Seit der Großen Finanzkrise konnten mit Aktien deutlich bessere Renditen erzielt werden als mit Anleihen. Dennoch stiegen auch die Kurse von Anleihen in einem ungewohnten Ausmaß. Ihre Renditen fielen im Zuge ungeahnter Leitzinssenkungen und Ankaufprogramme der Notenbanken auf ein historisch niedriges Niveau. So sank die laufende Verzinsung zehnjähriger US-Staatsanleihen zwischen den Jahren 2007 und 2020 von 5 Prozent auf nur noch 0,5 Prozent. Die Renditen zehnjähriger Bundesanleihen stürzten im gleichen Zeitraum von über 4 Prozent auf unter -0,5 Prozent. Rund 30 Prozent der weltweit ausstehenden Staats- und Unternehmensanleihen wiesen zum Höhepunkt der Ära des „kostenlosen Geldes“ eine negative Verzinsung auf.

Die geldpolitischen Hilfsmaßnahmen als Antwort auf die Corona-Krise haben aber nicht nur zu Tiefstständen bei Anleiherenditen geführt. In Kombination mit einer pandemiebedingten Störung von Lieferketten und einer überbordenden fiskalpolitischen Stimulierung, vor allem in den USA, führte die toxische Mixtur zu enormen Inflationsschüben. Die Notenbanken begegnen dieser Entwicklung nun mit schnellen und entschlossenen Zinsanhebungen. Plötzlich weisen zehnjährige US-Staatsanleihen wieder eine laufende Verzinsung von 4 Prozent auf, zehnjährige Bundesanleihen von 2 Prozent und US-Unternehmensanleihen locken im Hochzinssegment sogar mit einer Renditeerwartung von 9 Prozent pro Jahr.

Sind Anleihen damit wieder eine echte Alternative zu Aktien? Es kommt darauf an. Insbesondere bei Unternehmensanleihen ist eine sorgfältige und wachsame Auswahl erforderlich, denn höhere laufende Verzinsungen dürfen den Blick auf die operative Leistungsfähigkeit eines Unternehmens nicht verstellen. Im Hochzinssegment sind die Ausfallraten weiterhin unterdurchschnittlich. Vieles spricht dafür, dass sie steigen werden. Kostensteigerungen, Margendruck und notwendige Anschlussfinanzierungen zu völlig veränderten Zinskonditionen fressen sich erst allmählich in die Unternehmensbilanzen. Eine Bereinigung der Unternehmenslandschaft, die geprägt ist von zahlreichen Zombie-Unternehmen, d.h. Unternehmen, die eine negative Zinsdeckungsfähigkeit, also ein Verhältnis von operativem Ergebnis zu Zinsaufwendungen von unter 1 aufweisen, hat noch nicht stattgefunden. Die Bank für Internationalen Zahlungsausgleich (BIZ) warnt bereits seit dem Jahr 2018 eindrücklich vor Unternehmen, deren Außenfinanzierungsfähigkeit in einer Rezession mit einem veränderten Zinsumfeld massiv gefährdet ist.

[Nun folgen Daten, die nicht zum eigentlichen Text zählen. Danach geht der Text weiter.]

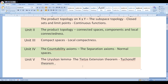In the second unit, we cover the product topology — that means the infinite product of topological spaces — connected spaces, connected components, and local connectedness. The third chapter is exclusively for compactness and local compactness.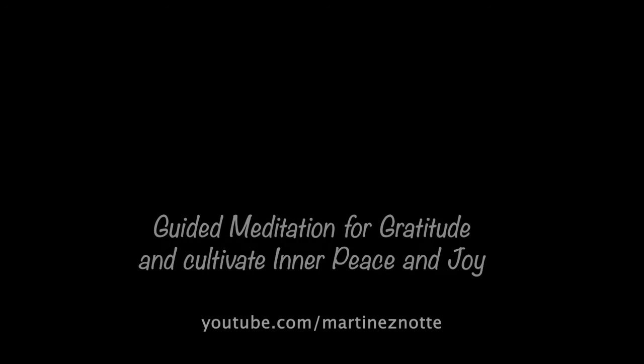Hi, my name is Alejandro Martinez Notte and I appreciate that you take this time for yourself. Begin this meditation by finding a quiet and comfortable place to sit or lie down.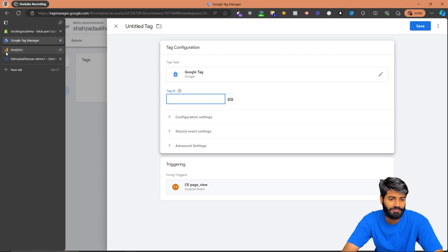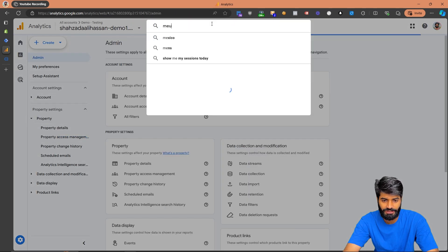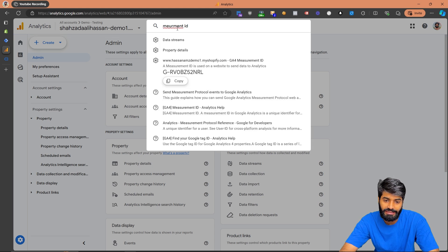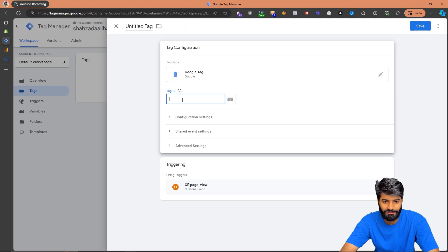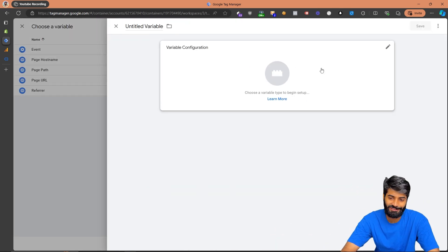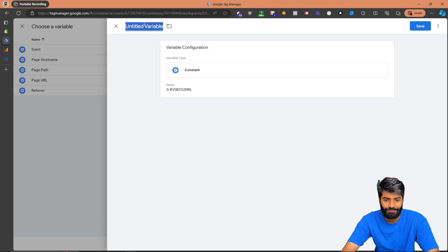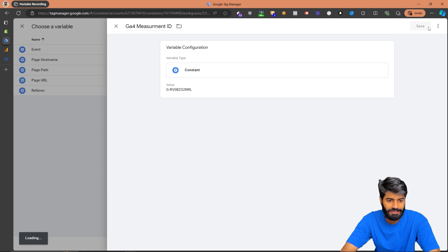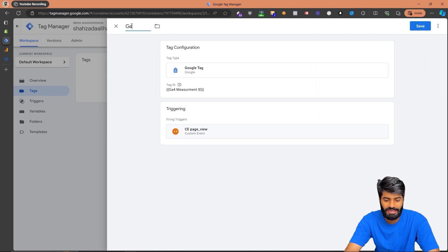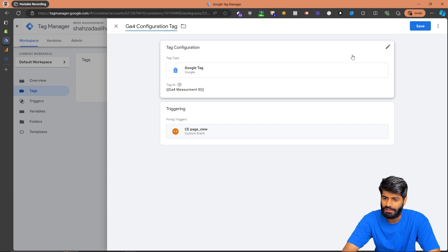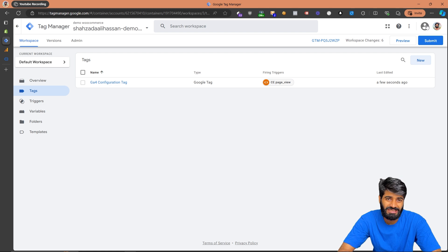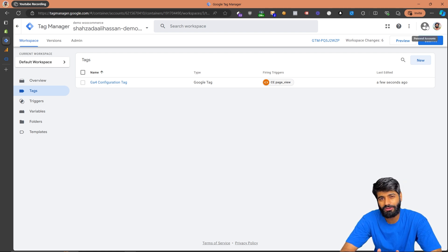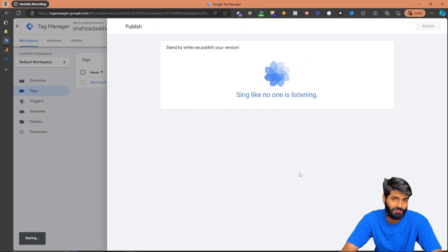Under the tag configuration, go to the Google Tag section and create a new tag. We need the measurement ID, which you can find in your Google Analytics account by searching for 'measurement ID' at the top. Copy it, go back to GTM, and — as I always do — create a constant variable for it. Let's rename it 'GA4 Measurement ID'. Now let's rename this tag 'GA4 Configuration Tag'. One major problem: you can no longer use the debug preview window, so you must publish changes to test them.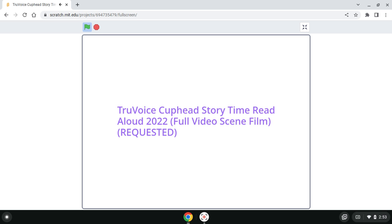Hmm, perhaps there is, the Devil snickered, pulling out a parchment. I have here a list of my runaway debtors. Collect their souls for me, and I just might pardon you two mugs. Now get going!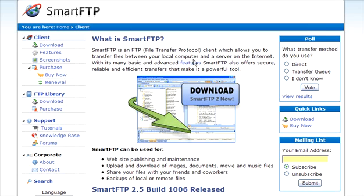In this video series, we're going to show you how to upload files to your server.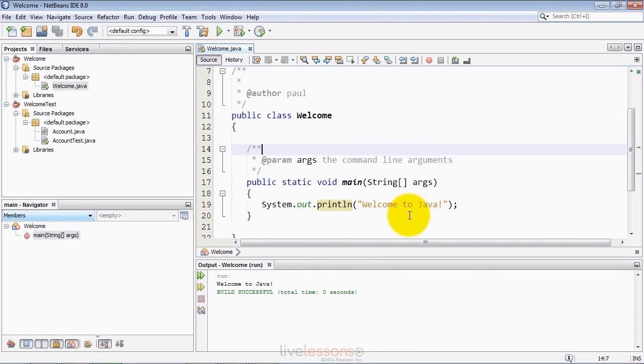At this point, you're now ready to both test existing Java source code programs in the NetBeans IDE and also to create your own new Java applications from scratch.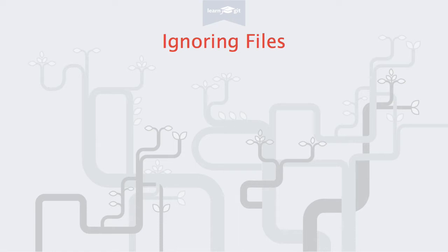Welcome to a video series on learning version control with Git. In this video, we'll talk about how to ignore files.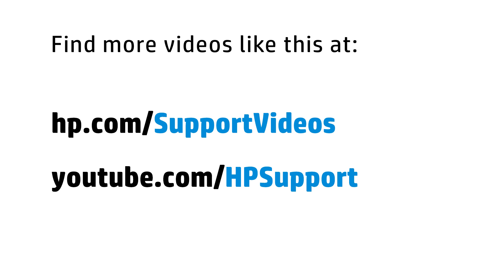You can find additional helpful videos at hp.com/supportvideos, and on our YouTube channel, youtube.com/hpsupport.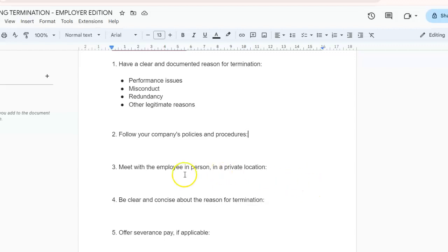Number four: be clear and concise about the reason for termination. It's very important to use factual language and avoid emotional outbursts or personal attacks. Answer questions truthfully, but also avoid offering excessive details beyond the official reason.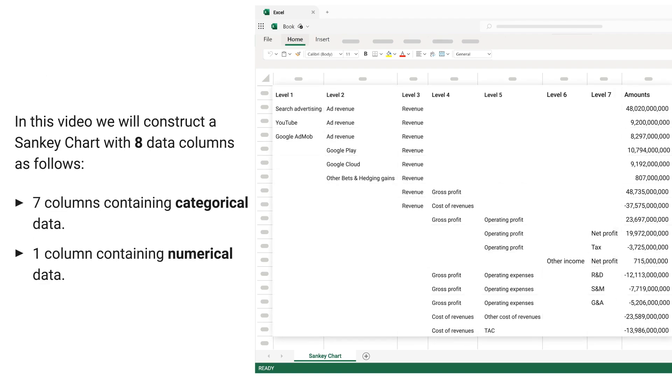In this video, we will construct a Sankey chart with 8 data columns as follows: 7 columns containing categorical data, 1 column containing numerical data.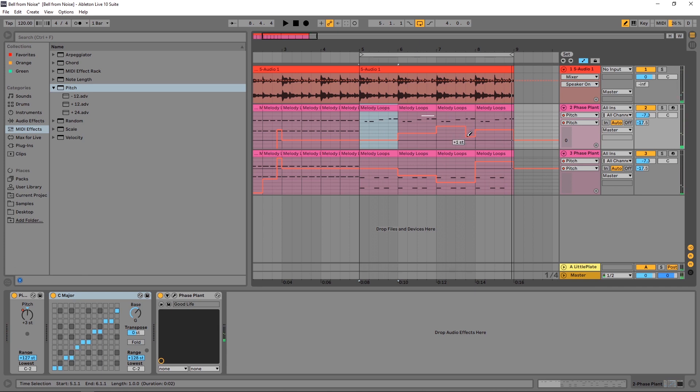Remember, we can always come back in here and tweak this out. We don't have to do it bar by bar — we can come in and easily make changes.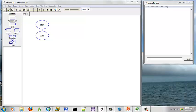We're going to develop a flowchart that will query the user for two different variables and validate that input to ensure that it is a positive integer.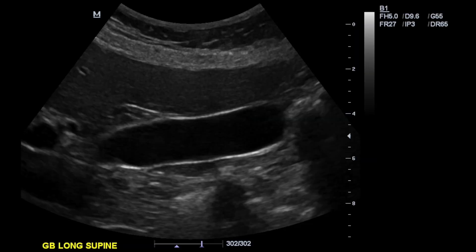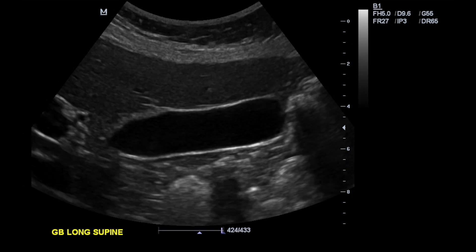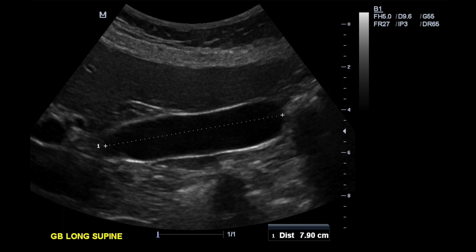Here's our first image of the gallbladder. We're looking in the long plane with the patient supine — flat on their back — and the ultrasound probe is vertical on the patient. The left side of the screen is toward the patient's head, the right side toward the patient's feet, the top toward the patient's front, and the bottom toward the patient's back. The gallbladder is that black oval in the middle of the screen. We try to get three pictures of it in different views and choose the largest portion to measure.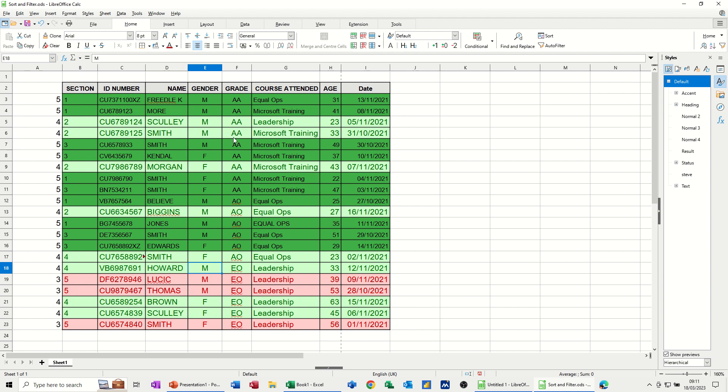That's all I want to talk about in this little video. I can automatically colour up roles in a list based on related information. So hopefully that was of use. Thank you for your time. I'll catch you on the next one.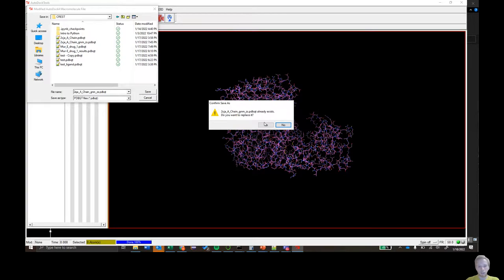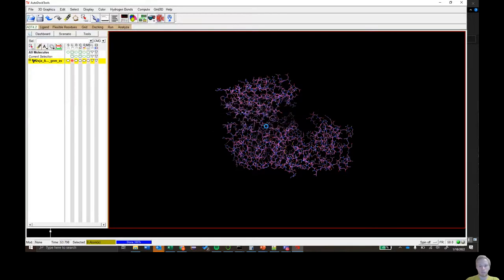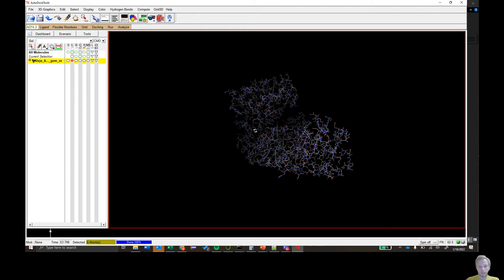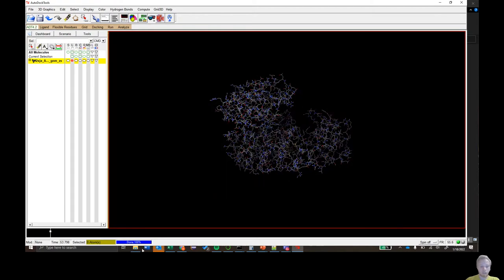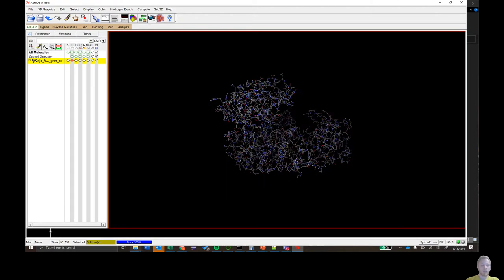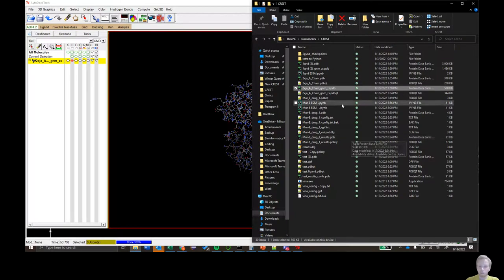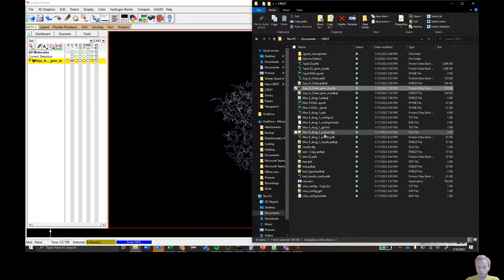I've done this before so I'll overwrite it. You should see it turn a different color indicating the program has taken it in. The next thing we need to do is put in our ligand, which in this case will be my MER-E Drug 1 results.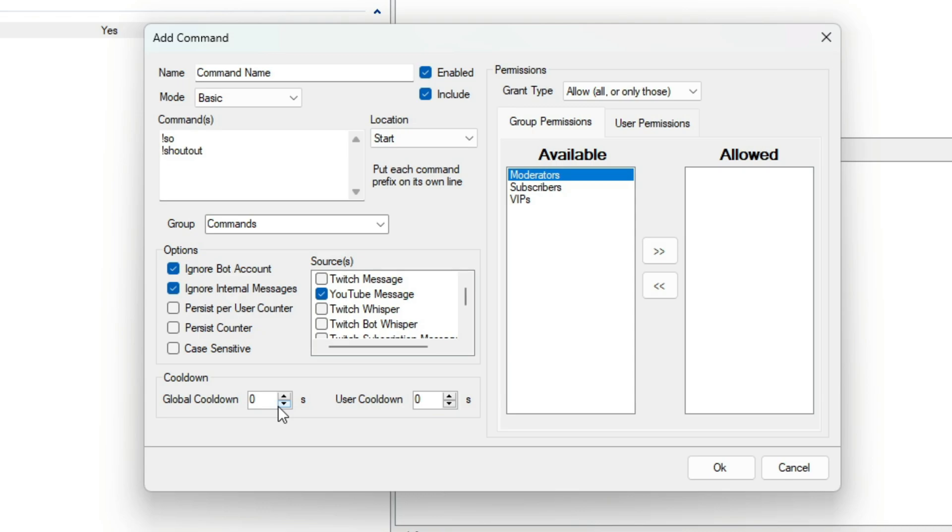At the bottom, we have Cooldown Options. Cooldown is a way to control how often a command can be used. We can do it globally or per user. It's important to note that here the time is in seconds.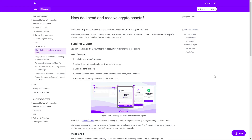Hello guys and welcome back to a new video. Today I'm going to talk about how to send a Bitcoin through the MoonPay app. For this, I'm on an official article of MoonPay where the question 'How do I send and receive crypto assets?' is answered. With a MoonPay account you can easily send and receive Bitcoin.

GANÉ ist im Anleihesegment daher weiterhin auf kurzlaufende Staatsanleihen mit geringen Zinsänderungs- und Ausfallrisiken fokussiert. Vereinzelt erwerben wir bereits wieder Unternehmensanleihen, wenn positive Events, zum Beispiel Kapitalerhöhungen, die Situation begleiten. Solche Sanierungsmaßnahmen belasten zwar die Aktionäre, stärken aber die Position der Anleihegläubiger unmittelbar. Unverändert stellen jedoch Aktien von langfristigen Gewinner-Unternehmen, die sich durch geringe Schulden, hohe freie Cashflows und Preissetzungsmacht auszeichnen, die bevorzugte Anlageklasse für uns dar.